By the end of his life Baudrillard believed the system was seeking completion, which is to say, total domination: a world grounded in money and sign exchange, free of every form of critical consciousness and contestation, and marked by the metastasis of ever-evolving virtual technologies.

Gone from this “completed” world, or “integral reality” as Baudrillard described it, is the human subject of old, the subject “that is an agency of will, freedom and representation, the subject of power, knowledge and history.” In fact, he thought a final solution was very much in the cards – the end of the human species as a culmination of digital and virtual life.

What, if anything, challenges this system? For Baudrillard it is the “real event”: an event counter-offensive in nature, unassimilable, irreconcilable, something that resists “mediatization” and creates energy and momentum. “Only events set free from news and information (and us with them) create a fantastic longing,” he wrote. “These alone are ‘real,’ since there is nothing to explain them and the imagination welcomes them with open arms.”

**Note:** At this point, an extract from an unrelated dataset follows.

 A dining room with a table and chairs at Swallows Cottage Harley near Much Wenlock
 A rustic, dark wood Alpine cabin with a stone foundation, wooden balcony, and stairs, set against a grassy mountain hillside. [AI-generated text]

The other challenge comes within the system itself. Something happens – an accident or convulsion or simple unforeseen event – that pushes back against finality, that leaves despots chagrined at the end of the day.

"Into any system at its peak, at its point of perfection," Baudrillard wrote, “[an event] reintroduces internal negativity and death. It is a form of the turning of power against itself, as if, alongside the ingredients of its power, every system secretly nourished an evil spirit that would ensure that system were overturned."

Notes

1. Jean Baudrillard, “The Pyres of Autumn,” New Left Review, January- February 2006.

2. This and other quotes in the article can be found in Baudrillard, The Intelligence of Evil or The Lucidity Pact (Oxford: Berg, 2005), pp. 122, 127, 134. The Kierkegaard quote at the top can be found in Chris Turner’s introduction to the volume.